• Task to carry out: Nothing but the text of the records belongs in your answer: repeat all of it exactly and leave out the images.

• Task inputs:
>>>>>

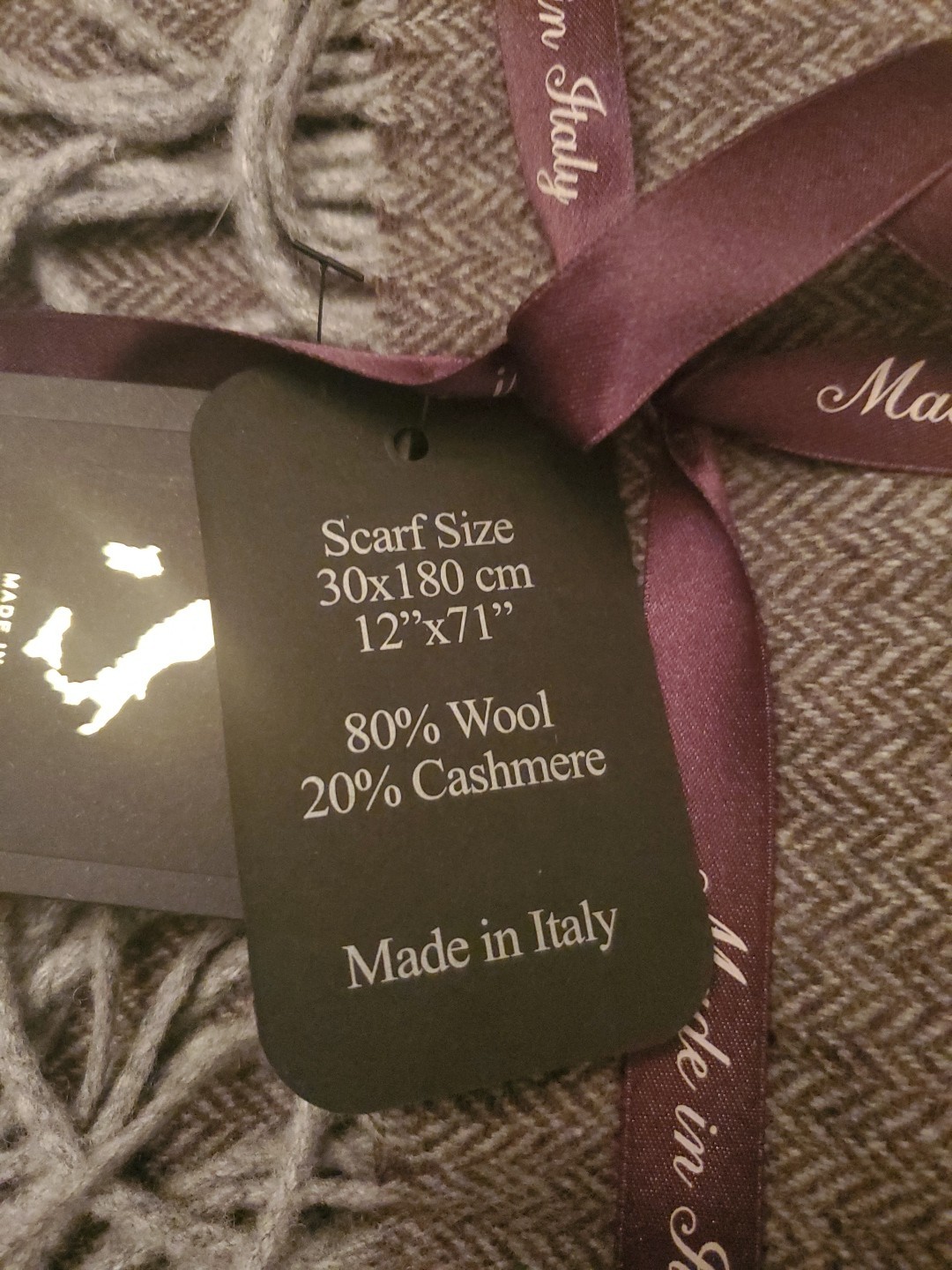 Mens SCARF CASHMERE BLEND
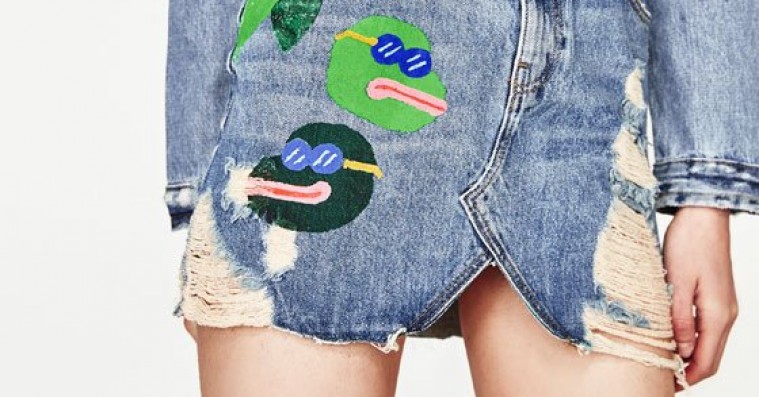 Zara havde ikke styr på Pepe The Frog – trækker uheldig denimnederdel tilbage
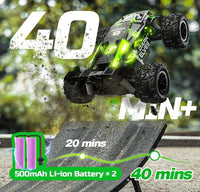 DEERC 2.4Ghz Glowing RC Car, All Terrain Monster Truck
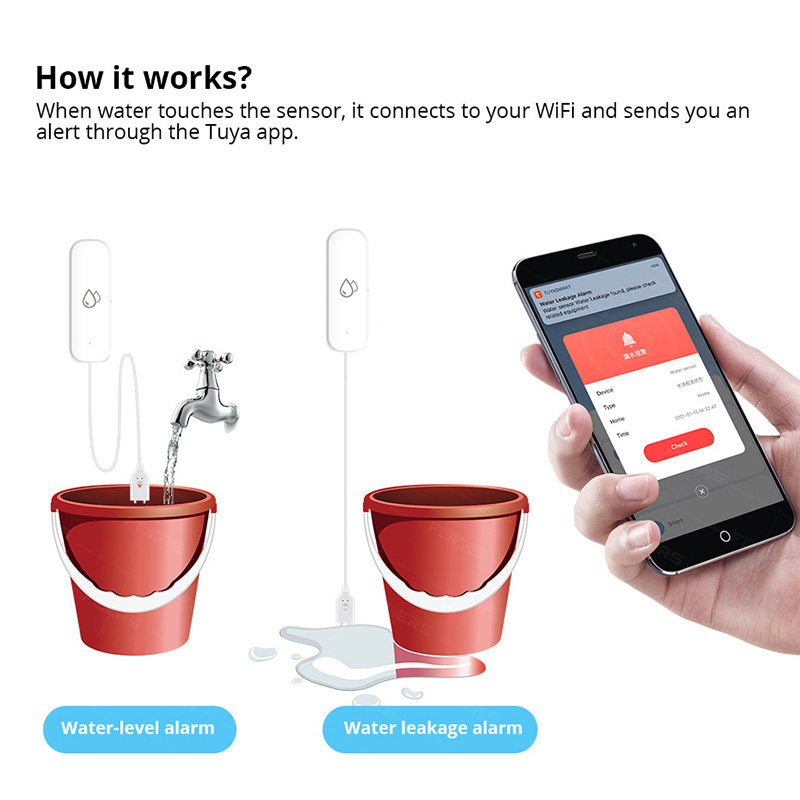 Czujnik wycieku wody Tuya WiFi – Home Security Monitoring recenzja i cena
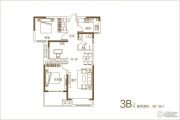 五建新街坊3室2厅1卫98平方米户型图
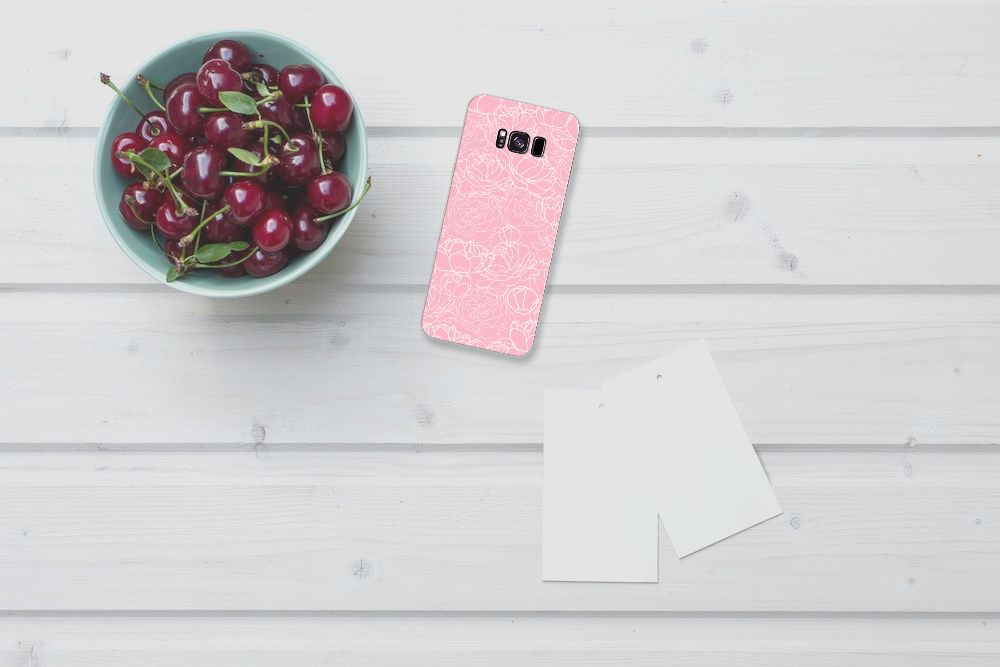 Samsung Galaxy S8 Plus TPU Case White Flowers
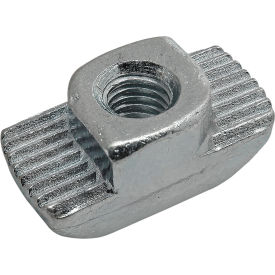 45 Series Hammer Nut, 10-32 Unf, Boss Height 3.0mm, Slot 10, Zinc, Bright view 2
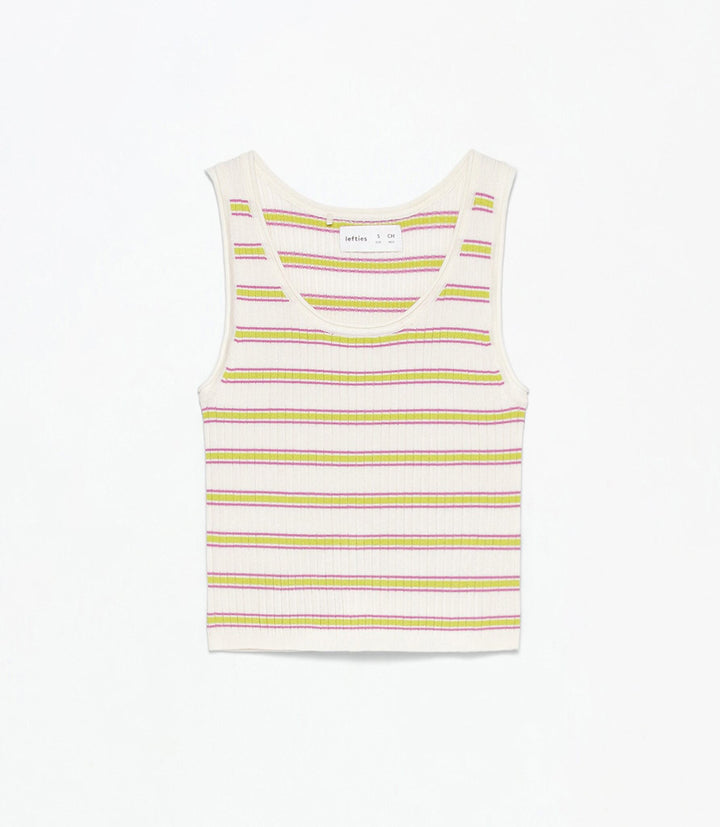 Moudda Lefties - Top Viscose/Nylon - Emmanchures Décolletées Fille - Tunisie 1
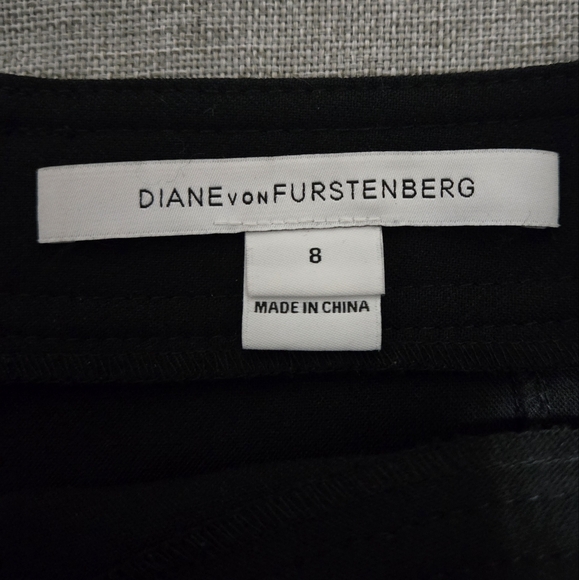 Diane Von Furstenberg Black Flounce Mini Skirt A-Line Size 8 - Picture 7 of 12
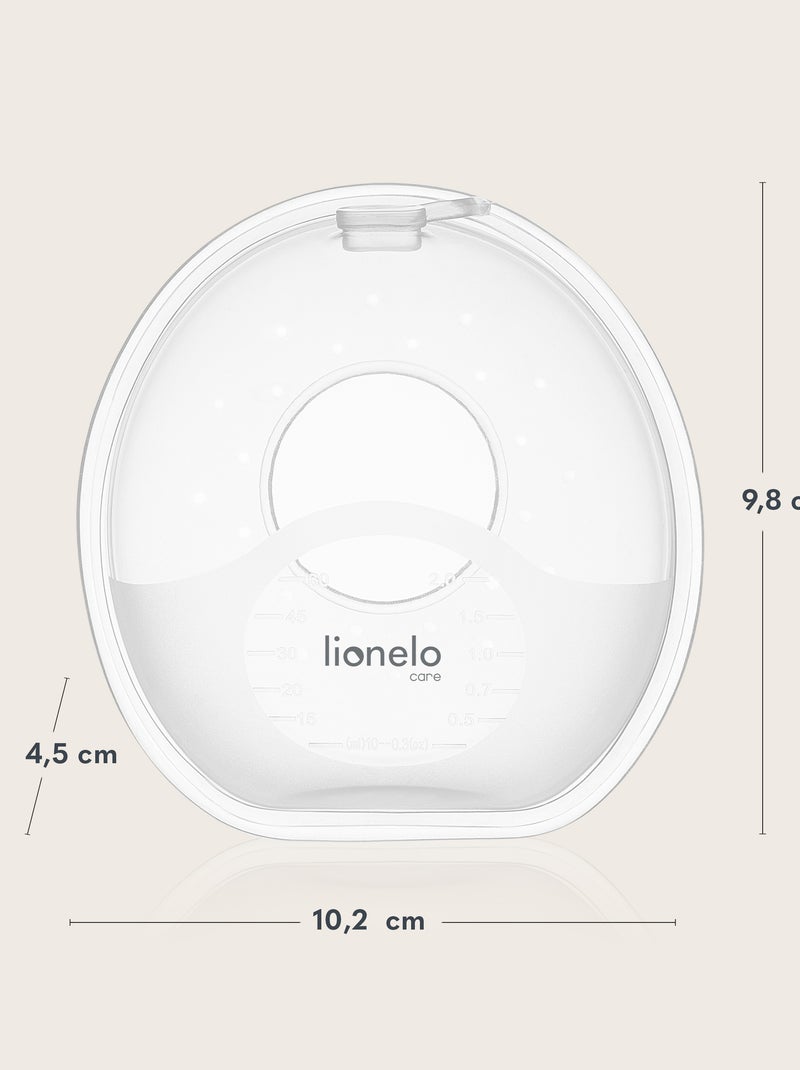 2 x Recogedores de leche LIONELO Milky Simple - 2 x 60 ml - Discretos - Manos libres - Sin BPA Blanco - Kiabi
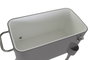 DKD Home Decor Nevera Acero PP 56 Litros Gris Oscuro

<<<<<

• Answer to this exercise:
 Mens SCARF CASHMERE BLEND
 Zara havde ikke styr på Pepe The Frog – trækker uheldig denimnederdel tilbage
 DEERC 2.4Ghz Glowing RC Car, All Terrain Monster Truck
 Czujnik wycieku wody Tuya WiFi – Home Security Monitoring recenzja i cena
 五建新街坊3室2厅1卫98平方米户型图
 Samsung Galaxy S8 Plus TPU Case White Flowers
 45 Series Hammer Nut, 10-32 Unf, Boss Height 3.0mm, Slot 10, Zinc, Bright view 2
 Moudda Lefties - Top Viscose/Nylon - Emmanchures Décolletées Fille - Tunisie 1
 Diane Von Furstenberg Black Flounce Mini Skirt A-Line Size 8 - Picture 7 of 12
 2 x Recogedores de leche LIONELO Milky Simple - 2 x 60 ml - Discretos - Manos libres - Sin BPA Blanco - Kiabi
 DKD Home Decor Nevera Acero PP 56 Litros Gris Oscuro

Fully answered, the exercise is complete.